Pioneering rocket scientist Yvonne Brill often referred to herself as an “only” — as in the sole woman in the room at a time when female scientists and engineers were exceedingly few.
Brill began her career in 1945 and eventually developed a revolutionary propulsion system that remains the industry standard for keeping unmanned spacecraft in constant, stationary orbit. Later in her career, she became the director of the space shuttle’s solid rocket motor program for NASA.
In the last quarter-century of her life, she strove to help others pursue careers in science and math and especially pushed for women to achieve scientific recognition.
Brill continued to write award-nomination letters until days before she died March 27 at a Princeton, N.J., hospital, her family said. She was 88.
The cause was complications of breast cancer, said her daughter, Naomi.
In 2011, at a White House ceremony, President Barack Obama awarded Brill the National Medal of Technology and Innovation, the nation’s highest honor for engineers and inventors.
“She was a mentor, a champion and a role model for so many of us,” said Jill Tietjen, a former president of the Society of Women Engineers. “She was determined, absolutely determined to help young engineers and scientists get to the next step and get the awards and recognition they deserved.”
An expert in the chemistry of space propulsion, Brill learned to push hard for projects and ideas she believed in.
“I never was afraid to risk my job to further ideas that I thought should be adopted, that were good technical ideas, that maybe somebody considered were a little bit far out,” she said in a 2005 interview for a Society of Women Engineers publication. “I just kept pushing. I didn’t care whose shins I kicked…. And the ideas got adopted.”
In 1987, she was elected to the National Academy of Engineering, becoming one of its few female members.
She often talked about how she successfully juggled a demanding career and family life but said it wasn’t easy. She was married for nearly 60 years to William Brill, a research chemist; the couple raised three children, all of whom, at least initially, pursued engineering and scientific careers.
Brill’s husband died in 2010. Her survivors include her children, Naomi, a retired mechanical engineer; Matt, a geologist who works in environmental remediation, and Joe, a commercial real estate developer with degrees in electrical engineering and business; and four grandchildren.
When her children were young, Brill worked part time for several years, returning to the workplace full time in 1962.
She liked to point out to students and younger colleagues that she achieved her greatest career successes after age 40.
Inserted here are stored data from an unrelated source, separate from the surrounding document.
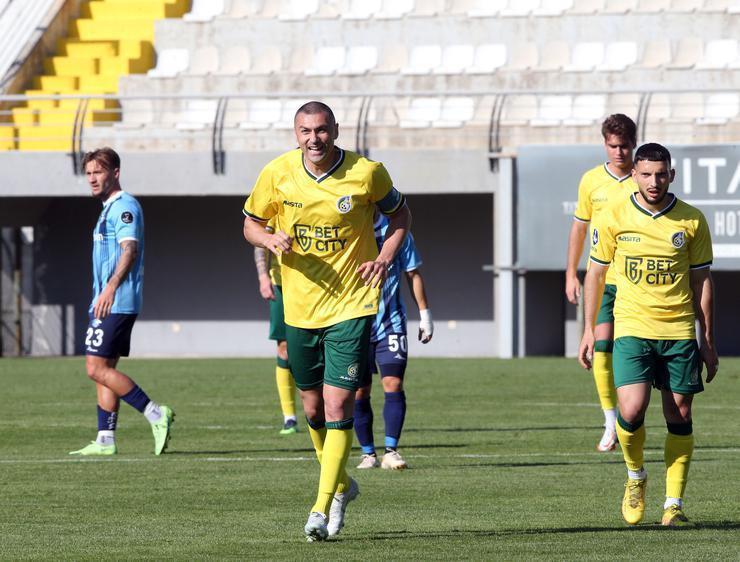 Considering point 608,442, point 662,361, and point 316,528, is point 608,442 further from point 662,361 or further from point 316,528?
point 316,528

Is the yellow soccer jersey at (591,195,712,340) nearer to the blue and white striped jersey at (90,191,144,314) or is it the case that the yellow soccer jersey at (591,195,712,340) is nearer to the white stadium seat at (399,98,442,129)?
the blue and white striped jersey at (90,191,144,314)

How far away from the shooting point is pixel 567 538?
22.9ft

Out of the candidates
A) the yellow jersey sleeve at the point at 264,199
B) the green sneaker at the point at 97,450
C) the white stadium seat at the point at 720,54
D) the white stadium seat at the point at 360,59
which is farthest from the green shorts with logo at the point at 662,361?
the white stadium seat at the point at 360,59

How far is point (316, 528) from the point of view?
681 cm

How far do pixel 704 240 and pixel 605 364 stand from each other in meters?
3.40

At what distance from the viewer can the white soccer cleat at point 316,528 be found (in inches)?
268

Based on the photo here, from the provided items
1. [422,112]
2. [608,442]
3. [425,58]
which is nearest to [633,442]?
[608,442]

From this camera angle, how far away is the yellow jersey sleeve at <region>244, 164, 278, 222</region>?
728cm

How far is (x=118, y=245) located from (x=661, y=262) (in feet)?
15.1

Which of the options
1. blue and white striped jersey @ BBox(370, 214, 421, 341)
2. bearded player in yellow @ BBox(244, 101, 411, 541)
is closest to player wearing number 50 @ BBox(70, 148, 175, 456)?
blue and white striped jersey @ BBox(370, 214, 421, 341)

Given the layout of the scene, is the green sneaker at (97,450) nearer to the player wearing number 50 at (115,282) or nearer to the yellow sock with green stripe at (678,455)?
the player wearing number 50 at (115,282)

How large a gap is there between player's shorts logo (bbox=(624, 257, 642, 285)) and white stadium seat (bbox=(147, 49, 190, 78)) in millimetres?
22422

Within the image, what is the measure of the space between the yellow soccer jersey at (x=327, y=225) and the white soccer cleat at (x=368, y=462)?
2.91 m

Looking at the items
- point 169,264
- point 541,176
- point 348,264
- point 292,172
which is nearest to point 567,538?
point 348,264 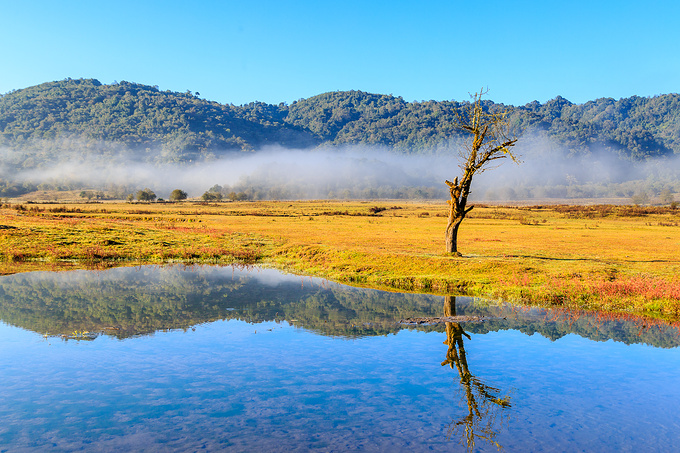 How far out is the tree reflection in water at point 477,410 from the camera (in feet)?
44.1

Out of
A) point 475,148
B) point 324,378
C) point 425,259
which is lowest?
point 324,378

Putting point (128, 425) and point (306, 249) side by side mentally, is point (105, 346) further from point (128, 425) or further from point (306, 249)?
point (306, 249)

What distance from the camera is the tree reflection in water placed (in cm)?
1345

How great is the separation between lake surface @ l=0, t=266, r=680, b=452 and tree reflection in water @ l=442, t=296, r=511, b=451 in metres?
0.06

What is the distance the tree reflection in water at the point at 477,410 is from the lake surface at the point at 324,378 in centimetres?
6

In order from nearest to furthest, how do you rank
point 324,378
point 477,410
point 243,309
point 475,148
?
point 477,410
point 324,378
point 243,309
point 475,148

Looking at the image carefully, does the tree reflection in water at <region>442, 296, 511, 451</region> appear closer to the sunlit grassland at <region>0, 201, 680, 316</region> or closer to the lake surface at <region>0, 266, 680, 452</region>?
the lake surface at <region>0, 266, 680, 452</region>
Yvonne Madelaine Claeys was born Dec. 30, 1924, near Winnipeg, in the Canadian province of Manitoba. Her parents had emigrated from Belgium and her father had a carpentry construction business
The youngest of three children, she did well in school but didn’t realize her potential until she started getting top grades in high school. She went on to the University of Manitoba, hoping to study engineering, but was told women could not enroll in that department. An engineering summer camp was required, she later recalled, and “they said they just couldn’t do special arrangements for women.”
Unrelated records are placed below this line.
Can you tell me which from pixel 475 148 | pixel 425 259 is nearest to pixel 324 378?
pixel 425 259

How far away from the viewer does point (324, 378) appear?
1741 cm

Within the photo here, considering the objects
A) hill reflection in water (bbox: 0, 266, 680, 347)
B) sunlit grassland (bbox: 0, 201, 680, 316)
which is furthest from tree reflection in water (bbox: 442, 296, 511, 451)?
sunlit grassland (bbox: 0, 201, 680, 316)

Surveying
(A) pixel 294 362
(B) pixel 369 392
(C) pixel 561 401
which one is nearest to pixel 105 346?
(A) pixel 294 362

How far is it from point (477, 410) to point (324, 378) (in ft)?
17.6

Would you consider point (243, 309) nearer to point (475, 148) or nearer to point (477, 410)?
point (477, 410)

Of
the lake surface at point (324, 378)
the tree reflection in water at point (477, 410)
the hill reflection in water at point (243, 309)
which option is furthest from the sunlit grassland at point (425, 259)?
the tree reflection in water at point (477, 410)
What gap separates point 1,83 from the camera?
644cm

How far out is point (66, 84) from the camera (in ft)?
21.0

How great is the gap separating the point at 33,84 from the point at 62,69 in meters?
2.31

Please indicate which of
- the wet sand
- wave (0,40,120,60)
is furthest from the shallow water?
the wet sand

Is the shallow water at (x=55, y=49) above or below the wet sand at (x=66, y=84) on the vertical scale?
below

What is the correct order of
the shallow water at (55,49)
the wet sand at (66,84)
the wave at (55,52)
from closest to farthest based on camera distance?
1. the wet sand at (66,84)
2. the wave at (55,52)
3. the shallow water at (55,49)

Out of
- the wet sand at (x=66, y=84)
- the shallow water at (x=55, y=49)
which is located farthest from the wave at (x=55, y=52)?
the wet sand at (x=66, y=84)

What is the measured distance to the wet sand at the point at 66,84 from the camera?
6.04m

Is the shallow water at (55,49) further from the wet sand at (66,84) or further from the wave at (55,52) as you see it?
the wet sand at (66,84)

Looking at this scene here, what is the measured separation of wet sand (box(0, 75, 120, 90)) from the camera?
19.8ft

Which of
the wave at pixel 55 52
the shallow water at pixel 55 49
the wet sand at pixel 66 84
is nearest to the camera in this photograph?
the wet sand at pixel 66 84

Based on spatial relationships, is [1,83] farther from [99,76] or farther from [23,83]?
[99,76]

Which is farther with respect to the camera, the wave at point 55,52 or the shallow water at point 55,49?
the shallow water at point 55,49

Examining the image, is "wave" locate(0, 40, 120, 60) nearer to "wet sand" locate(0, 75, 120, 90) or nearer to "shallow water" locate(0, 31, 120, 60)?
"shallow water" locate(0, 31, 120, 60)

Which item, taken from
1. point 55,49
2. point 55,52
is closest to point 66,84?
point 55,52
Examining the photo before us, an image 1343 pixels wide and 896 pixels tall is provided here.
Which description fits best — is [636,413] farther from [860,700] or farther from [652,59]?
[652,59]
After receiving a bachelor’s degree in mathematics in 1945, she accepted a job offer from the Douglas Aircraft Co. She moved to Los Angeles alone, diving into her career and developing an interest in the chemistry of propellants while working as an engineer.
She specialized in rocket propulsion for what became the Rand Corp. and took graduate classes in the evening at the University of Southern California, earning a master’s degree in chemistry in 1951.
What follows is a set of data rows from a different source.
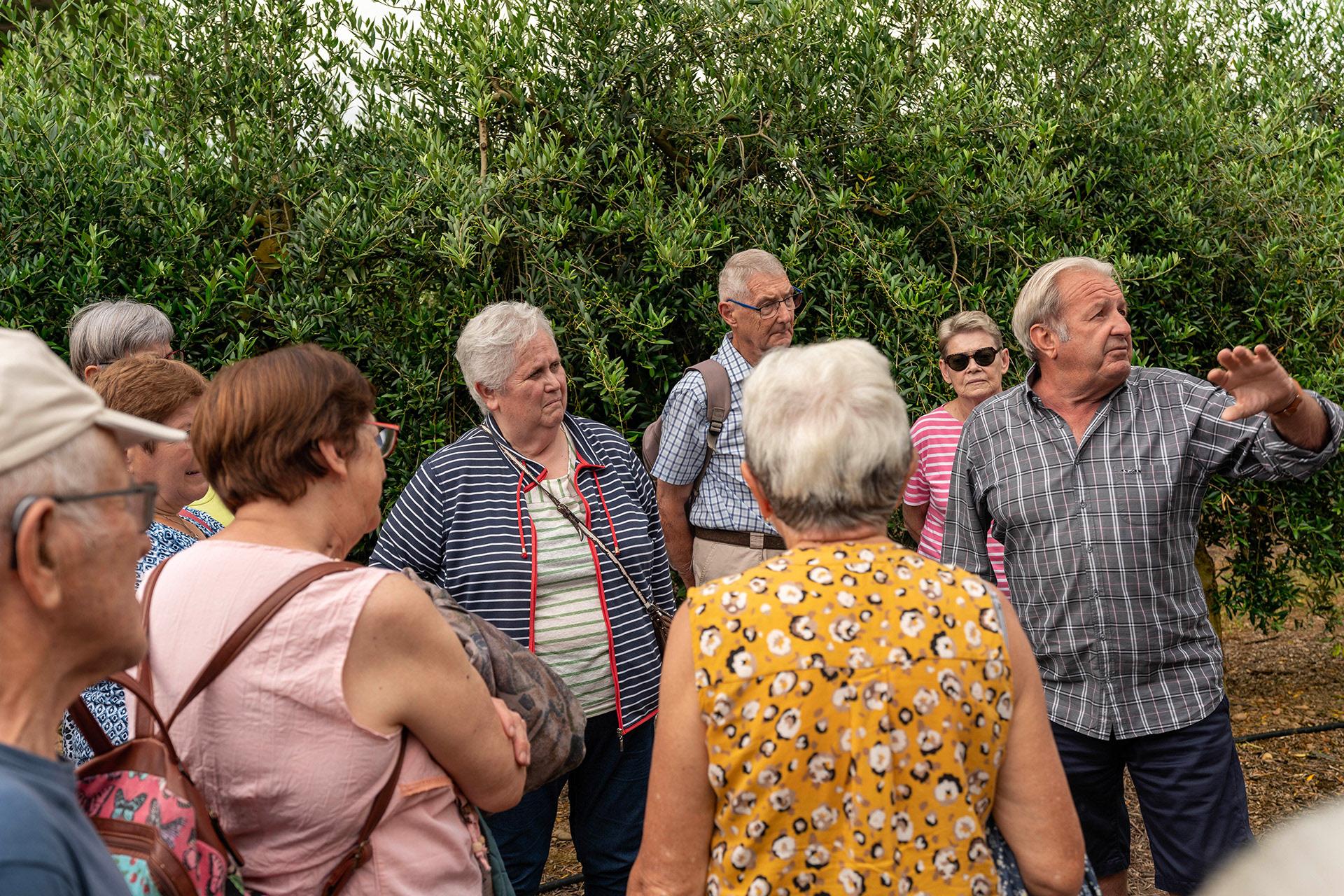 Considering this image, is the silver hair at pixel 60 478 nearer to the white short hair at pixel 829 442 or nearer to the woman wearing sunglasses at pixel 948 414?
the white short hair at pixel 829 442

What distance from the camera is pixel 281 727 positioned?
185 cm

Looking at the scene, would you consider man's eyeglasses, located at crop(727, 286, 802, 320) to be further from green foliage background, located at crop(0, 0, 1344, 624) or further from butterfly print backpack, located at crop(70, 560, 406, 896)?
butterfly print backpack, located at crop(70, 560, 406, 896)

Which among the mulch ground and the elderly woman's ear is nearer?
the elderly woman's ear

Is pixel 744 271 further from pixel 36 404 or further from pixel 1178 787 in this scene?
pixel 36 404

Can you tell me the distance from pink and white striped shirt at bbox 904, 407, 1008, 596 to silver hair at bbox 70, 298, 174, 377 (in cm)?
288

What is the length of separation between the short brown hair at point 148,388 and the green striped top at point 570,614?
1.03m

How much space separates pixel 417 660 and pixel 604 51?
3795 mm

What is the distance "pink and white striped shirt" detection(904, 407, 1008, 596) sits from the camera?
14.2 feet

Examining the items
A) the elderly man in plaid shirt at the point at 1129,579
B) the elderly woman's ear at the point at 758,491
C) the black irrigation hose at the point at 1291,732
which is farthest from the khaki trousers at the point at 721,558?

While attending a lecture by noted chemist Linus Pauling, she met her future husband, who was doing postdoctoral research in chemistry at the University of California, Los Angeles. They were married in 1951 and immediately faced a challenge. His career opportunities were on the East Coast, while most of hers were in the west.
They decided to move east, settling eventually near Princeton. Yvonne Brill worked for several companies before starting at RCA Astro Electronics in 1966.
Soon after returning to full-time work, she invented the hydrazine resistojet, also known as the electrothermal hydrazine thruster, which uses a single propellant to keep communications satellites aloft and on a steady orbit, significantly decreasing the amount of propellant needed.
Since 1983, it has been used on satellites for RCA, General Electric, Lockheed Martin and other firms.
Yvonne Brill often said the decision to move east with her husband was based on her belief that “good jobs are easier to find than good husbands.”
The saying, which became part of Brill family lore, was “meant to highlight the fact that engineering can be portable,” her daughter said, “that you can have a job and a family.”